La principale entrée du cloître étoit à côté de l'église cathédrale. On y voyoit, avant la révolution, une porte, laquelle avoit été construite en 1751[403], avec les matériaux et en partie sur l'emplacement de la petite église de Saint-Jean-le-Rond, dont nous allons parler.

SAINT-JEAN-LE-ROND.

On sait que les fonts baptismaux de l'église de Paris étoient jadis à Saint-Germain-le-Vieux, qui avoit alors le nom de Saint-Jean-Baptiste, et qu'ils furent depuis transportés plus près de la cathédrale, dans une chapelle bâtie pour cet usage. Cette chapelle, que l'on abattit en même temps que les anciennes églises de Notre-Dame et de Saint-Étienne, fut ensuite rebâtie et placée au bas de la tour septentrionale de la nouvelle basilique. On présume, que dans l'origine, elle étoit moins avancée vers l'occident; on sait du reste que le surnom qu'elle portoit ne venoit que de la forme ronde employée dans ces sortes d'édifices.

La bâtisse de Saint-Jean-le-Rond de Paris ne paroissoit être que du treizième siècle, et même le portail étoit beaucoup plus nouveau.

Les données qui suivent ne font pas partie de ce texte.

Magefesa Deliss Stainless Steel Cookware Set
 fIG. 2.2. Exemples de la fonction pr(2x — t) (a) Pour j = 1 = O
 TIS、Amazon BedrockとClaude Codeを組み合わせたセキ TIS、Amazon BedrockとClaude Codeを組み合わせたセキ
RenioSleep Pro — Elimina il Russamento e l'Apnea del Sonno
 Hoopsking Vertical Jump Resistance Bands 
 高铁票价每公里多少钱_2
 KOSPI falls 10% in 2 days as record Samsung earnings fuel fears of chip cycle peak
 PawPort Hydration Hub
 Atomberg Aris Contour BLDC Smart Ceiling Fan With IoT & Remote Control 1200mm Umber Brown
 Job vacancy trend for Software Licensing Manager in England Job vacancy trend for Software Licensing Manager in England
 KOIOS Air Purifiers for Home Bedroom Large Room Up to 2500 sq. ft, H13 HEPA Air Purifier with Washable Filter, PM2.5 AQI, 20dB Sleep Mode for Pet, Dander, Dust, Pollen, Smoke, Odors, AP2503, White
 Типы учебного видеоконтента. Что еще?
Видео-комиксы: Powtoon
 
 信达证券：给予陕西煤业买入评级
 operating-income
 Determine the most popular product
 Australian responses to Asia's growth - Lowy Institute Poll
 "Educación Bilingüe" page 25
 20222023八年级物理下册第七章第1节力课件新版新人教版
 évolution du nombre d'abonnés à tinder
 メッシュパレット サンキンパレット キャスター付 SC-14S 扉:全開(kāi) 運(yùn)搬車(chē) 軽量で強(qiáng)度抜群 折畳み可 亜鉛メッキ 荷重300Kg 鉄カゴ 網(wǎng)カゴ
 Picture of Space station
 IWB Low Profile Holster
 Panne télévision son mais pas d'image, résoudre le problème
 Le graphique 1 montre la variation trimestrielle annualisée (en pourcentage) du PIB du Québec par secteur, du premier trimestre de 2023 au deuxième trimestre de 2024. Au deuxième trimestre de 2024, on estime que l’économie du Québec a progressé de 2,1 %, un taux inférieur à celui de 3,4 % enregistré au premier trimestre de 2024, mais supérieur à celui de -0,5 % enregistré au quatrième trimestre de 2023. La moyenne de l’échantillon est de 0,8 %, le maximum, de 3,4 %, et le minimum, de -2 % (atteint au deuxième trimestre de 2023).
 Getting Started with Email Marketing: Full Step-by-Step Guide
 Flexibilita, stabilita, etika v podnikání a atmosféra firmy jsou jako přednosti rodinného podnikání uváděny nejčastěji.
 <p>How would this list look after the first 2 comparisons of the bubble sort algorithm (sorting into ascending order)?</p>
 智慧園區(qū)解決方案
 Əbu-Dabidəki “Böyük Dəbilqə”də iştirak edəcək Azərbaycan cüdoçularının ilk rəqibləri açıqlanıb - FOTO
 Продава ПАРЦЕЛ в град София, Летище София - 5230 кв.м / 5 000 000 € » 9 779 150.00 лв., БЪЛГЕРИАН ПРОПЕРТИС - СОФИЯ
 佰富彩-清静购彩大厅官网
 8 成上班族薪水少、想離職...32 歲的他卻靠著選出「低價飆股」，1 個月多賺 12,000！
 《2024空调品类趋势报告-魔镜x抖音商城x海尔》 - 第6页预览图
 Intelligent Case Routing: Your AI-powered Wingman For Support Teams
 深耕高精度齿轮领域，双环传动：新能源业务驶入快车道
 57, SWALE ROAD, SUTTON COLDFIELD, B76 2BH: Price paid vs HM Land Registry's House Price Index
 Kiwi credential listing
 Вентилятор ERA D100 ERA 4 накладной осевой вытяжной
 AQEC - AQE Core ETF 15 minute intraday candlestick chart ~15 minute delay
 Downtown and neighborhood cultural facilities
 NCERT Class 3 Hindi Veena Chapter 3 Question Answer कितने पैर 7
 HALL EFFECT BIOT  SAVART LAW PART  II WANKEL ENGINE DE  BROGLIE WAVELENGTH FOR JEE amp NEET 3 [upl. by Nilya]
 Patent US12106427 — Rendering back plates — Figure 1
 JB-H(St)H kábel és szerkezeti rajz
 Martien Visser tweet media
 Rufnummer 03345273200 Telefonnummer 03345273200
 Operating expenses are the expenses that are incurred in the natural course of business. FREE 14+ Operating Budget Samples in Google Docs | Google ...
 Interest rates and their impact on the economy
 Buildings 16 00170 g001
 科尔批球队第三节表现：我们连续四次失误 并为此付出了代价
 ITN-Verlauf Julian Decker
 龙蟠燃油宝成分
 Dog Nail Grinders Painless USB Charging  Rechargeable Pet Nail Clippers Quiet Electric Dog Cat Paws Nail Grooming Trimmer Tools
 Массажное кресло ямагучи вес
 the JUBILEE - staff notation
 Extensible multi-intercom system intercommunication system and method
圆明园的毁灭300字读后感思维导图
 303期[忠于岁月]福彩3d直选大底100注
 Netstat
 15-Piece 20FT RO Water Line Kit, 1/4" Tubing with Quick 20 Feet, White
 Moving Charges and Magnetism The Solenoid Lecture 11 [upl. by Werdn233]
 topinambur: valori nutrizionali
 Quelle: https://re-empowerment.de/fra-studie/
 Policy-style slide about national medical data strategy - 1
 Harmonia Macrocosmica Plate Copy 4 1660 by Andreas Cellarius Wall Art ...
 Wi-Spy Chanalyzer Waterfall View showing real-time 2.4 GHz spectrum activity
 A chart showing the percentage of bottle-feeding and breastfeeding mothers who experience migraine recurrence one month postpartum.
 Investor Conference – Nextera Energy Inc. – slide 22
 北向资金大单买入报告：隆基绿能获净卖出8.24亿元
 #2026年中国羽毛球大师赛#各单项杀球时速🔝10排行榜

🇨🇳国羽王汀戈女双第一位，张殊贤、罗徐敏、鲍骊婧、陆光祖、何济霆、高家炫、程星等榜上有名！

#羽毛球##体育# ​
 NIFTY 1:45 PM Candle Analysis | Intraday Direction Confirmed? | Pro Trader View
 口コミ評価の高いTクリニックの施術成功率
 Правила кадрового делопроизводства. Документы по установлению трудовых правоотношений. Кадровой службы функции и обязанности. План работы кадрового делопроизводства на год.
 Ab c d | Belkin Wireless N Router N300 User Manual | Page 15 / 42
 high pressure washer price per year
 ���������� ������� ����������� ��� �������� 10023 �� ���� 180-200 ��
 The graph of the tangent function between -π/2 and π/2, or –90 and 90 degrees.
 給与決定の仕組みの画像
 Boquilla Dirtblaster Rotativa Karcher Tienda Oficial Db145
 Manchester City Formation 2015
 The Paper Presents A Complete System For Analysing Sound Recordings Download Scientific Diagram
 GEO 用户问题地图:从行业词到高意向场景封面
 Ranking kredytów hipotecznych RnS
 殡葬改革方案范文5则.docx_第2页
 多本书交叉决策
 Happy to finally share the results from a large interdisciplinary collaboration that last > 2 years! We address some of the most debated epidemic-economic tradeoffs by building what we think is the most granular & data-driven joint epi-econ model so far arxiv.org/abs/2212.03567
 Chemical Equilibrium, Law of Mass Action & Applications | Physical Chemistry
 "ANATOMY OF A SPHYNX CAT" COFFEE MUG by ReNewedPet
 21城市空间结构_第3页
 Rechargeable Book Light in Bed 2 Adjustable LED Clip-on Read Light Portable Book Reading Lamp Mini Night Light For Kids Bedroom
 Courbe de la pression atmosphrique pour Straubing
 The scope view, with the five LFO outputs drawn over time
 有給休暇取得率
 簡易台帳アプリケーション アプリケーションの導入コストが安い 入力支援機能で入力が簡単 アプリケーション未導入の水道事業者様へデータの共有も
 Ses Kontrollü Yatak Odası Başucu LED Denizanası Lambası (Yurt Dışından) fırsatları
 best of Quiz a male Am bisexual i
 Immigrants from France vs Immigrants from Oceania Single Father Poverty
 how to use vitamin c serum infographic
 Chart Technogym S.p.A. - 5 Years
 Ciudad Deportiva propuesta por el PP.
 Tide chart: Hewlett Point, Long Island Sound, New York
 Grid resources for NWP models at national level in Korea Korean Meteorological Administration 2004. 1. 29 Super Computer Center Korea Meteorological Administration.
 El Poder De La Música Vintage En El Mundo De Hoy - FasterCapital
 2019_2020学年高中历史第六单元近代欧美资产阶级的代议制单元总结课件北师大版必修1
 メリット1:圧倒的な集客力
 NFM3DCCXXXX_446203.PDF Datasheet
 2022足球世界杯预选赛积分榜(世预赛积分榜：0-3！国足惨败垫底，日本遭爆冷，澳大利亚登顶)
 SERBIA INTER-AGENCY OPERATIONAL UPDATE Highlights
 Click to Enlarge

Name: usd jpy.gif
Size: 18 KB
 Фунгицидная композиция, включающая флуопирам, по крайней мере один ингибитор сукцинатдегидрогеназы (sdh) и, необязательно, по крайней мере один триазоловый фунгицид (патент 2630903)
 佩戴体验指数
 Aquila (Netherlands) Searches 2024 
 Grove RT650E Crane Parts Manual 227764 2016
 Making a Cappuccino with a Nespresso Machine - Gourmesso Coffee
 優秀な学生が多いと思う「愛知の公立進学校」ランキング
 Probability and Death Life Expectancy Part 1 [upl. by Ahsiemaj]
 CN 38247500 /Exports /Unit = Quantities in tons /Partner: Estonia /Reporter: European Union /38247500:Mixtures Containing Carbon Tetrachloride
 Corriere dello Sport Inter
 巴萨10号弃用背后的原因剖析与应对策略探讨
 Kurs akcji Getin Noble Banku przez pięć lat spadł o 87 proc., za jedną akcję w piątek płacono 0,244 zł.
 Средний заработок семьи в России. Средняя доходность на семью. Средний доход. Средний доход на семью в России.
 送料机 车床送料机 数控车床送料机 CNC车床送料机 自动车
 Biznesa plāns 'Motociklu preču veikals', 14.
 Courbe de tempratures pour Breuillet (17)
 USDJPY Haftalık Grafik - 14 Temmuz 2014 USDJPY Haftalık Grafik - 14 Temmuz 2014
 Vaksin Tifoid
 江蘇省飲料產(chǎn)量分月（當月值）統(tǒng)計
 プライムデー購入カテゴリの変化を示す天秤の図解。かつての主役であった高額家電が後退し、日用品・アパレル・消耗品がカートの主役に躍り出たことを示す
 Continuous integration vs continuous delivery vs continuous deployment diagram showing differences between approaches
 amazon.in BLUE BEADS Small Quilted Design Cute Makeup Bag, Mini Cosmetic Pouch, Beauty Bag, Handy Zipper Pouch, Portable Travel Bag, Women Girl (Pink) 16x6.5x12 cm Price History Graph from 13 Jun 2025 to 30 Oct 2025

Ce baptistère, que desservoient deux prêtres[404], fut pendant long-temps le seul qu'il y eût dans cette capitale; mais lorsque le nombre des citoyens eut fait multiplier celui des églises, et que chacune eut obtenu d'avoir son baptistère particulier, ces deux prêtres furent chargés de visiter les malades, d'inhumer les morts, et de célébrer, pendant une année, la messe pour les chanoines décédés. Ils jouissoient à cet effet du revenu annuel de la prébende de chaque chanoine défunt. Ces dispositions changèrent depuis: l'annuel fut transporté aux chanoines de Saint-Victor, et l'on indemnisa les deux prêtres par le don d'une prébende dans l'église de Notre-Dame, sous certaines conditions qui les maintenoient dans la dépendance du chapitre[405]. Dans la suite le nombre de ces desservants fut augmenté.

On a remarqué que cette église, et peut-être même l'entrée de la cathédrale étoient les lieux où se terminoient juridiquement certaines affaires ecclésiastiques, coutume qui rappeloit ce qui s'étoit pratiqué plus anciennement aux portiques des grandes églises. Il existe un ancien acte finissant par ces mots: Actæ sunt hæc in ecclesiâ Parisiensi apud cupas[406]. On lit aussi que les médecins se sont assemblés autrefois ad cupam nostræ Dominæ. Cette même église servoit de paroisse aux laïques logés dans le cloître Notre-Dame.